LISTED RECORDS:
╔══
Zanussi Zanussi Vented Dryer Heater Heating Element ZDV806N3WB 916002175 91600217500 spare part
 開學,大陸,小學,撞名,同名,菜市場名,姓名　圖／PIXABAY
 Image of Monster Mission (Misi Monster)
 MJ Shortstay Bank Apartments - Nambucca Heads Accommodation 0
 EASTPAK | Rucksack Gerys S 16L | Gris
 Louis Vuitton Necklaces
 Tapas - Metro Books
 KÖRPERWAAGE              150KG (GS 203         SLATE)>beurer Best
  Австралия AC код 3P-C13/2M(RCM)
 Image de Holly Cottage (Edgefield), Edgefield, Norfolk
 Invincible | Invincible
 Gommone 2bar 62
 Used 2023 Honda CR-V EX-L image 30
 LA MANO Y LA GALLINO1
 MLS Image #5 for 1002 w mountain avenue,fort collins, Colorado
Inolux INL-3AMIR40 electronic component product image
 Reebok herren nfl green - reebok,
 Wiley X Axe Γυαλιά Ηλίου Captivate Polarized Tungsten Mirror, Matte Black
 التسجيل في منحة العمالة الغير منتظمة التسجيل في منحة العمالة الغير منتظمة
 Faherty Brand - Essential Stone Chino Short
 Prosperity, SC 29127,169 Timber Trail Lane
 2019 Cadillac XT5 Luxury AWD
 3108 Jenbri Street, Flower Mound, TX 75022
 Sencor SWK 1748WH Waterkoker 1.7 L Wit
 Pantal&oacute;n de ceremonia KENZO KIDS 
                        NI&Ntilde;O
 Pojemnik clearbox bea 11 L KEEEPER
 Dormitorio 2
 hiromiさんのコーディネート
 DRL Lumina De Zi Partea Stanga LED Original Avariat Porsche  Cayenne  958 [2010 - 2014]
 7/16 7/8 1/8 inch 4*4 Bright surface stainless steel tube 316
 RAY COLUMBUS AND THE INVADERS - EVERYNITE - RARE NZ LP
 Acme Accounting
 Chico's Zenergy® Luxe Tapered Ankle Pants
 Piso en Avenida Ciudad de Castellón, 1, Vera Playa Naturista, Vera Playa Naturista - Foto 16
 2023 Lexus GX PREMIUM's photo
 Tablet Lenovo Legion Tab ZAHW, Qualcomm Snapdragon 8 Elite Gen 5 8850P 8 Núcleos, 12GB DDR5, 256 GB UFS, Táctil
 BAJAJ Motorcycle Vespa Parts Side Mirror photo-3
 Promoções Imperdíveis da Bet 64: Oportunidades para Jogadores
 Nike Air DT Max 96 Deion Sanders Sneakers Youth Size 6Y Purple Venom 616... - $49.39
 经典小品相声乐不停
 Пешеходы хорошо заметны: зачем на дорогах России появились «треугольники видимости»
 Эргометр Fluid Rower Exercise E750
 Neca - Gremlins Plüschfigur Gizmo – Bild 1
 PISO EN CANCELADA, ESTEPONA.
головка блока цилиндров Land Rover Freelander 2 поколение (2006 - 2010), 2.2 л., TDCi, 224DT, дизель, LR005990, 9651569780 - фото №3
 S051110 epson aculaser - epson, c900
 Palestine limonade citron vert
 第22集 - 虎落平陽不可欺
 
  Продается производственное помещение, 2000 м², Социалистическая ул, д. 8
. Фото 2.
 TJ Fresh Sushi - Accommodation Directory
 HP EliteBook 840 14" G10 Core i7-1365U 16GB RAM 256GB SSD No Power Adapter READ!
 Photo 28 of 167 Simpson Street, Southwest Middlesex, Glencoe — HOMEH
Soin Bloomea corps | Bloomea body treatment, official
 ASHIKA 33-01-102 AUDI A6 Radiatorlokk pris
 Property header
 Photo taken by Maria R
╚══
EXERCISE: Give back, unchanged, every line from the one with "Dormitorio 2" to the end of the entries above.

EXERCISE RESULT:
 Dormitorio 2
 hiromiさんのコーディネート
 DRL Lumina De Zi Partea Stanga LED Original Avariat Porsche  Cayenne  958 [2010 - 2014]
 7/16 7/8 1/8 inch 4*4 Bright surface stainless steel tube 316
 RAY COLUMBUS AND THE INVADERS - EVERYNITE - RARE NZ LP
 Acme Accounting
 Chico's Zenergy® Luxe Tapered Ankle Pants
 Piso en Avenida Ciudad de Castellón, 1, Vera Playa Naturista, Vera Playa Naturista - Foto 16
 2023 Lexus GX PREMIUM's photo
 Tablet Lenovo Legion Tab ZAHW, Qualcomm Snapdragon 8 Elite Gen 5 8850P 8 Núcleos, 12GB DDR5, 256 GB UFS, Táctil
 BAJAJ Motorcycle Vespa Parts Side Mirror photo-3
 Promoções Imperdíveis da Bet 64: Oportunidades para Jogadores
 Nike Air DT Max 96 Deion Sanders Sneakers Youth Size 6Y Purple Venom 616... - $49.39
 经典小品相声乐不停
 Пешеходы хорошо заметны: зачем на дорогах России появились «треугольники видимости»
 Эргометр Fluid Rower Exercise E750
 Neca - Gremlins Plüschfigur Gizmo – Bild 1
 PISO EN CANCELADA, ESTEPONA.
головка блока цилиндров Land Rover Freelander 2 поколение (2006 - 2010), 2.2 л., TDCi, 224DT, дизель, LR005990, 9651569780 - фото №3
 S051110 epson aculaser - epson, c900
 Palestine limonade citron vert
 第22集 - 虎落平陽不可欺
 
  Продается производственное помещение, 2000 м², Социалистическая ул, д. 8
. Фото 2.
 TJ Fresh Sushi - Accommodation Directory
 HP EliteBook 840 14" G10 Core i7-1365U 16GB RAM 256GB SSD No Power Adapter READ!
 Photo 28 of 167 Simpson Street, Southwest Middlesex, Glencoe — HOMEH
Soin Bloomea corps | Bloomea body treatment, official
 ASHIKA 33-01-102 AUDI A6 Radiatorlokk pris
 Property header
 Photo taken by Maria R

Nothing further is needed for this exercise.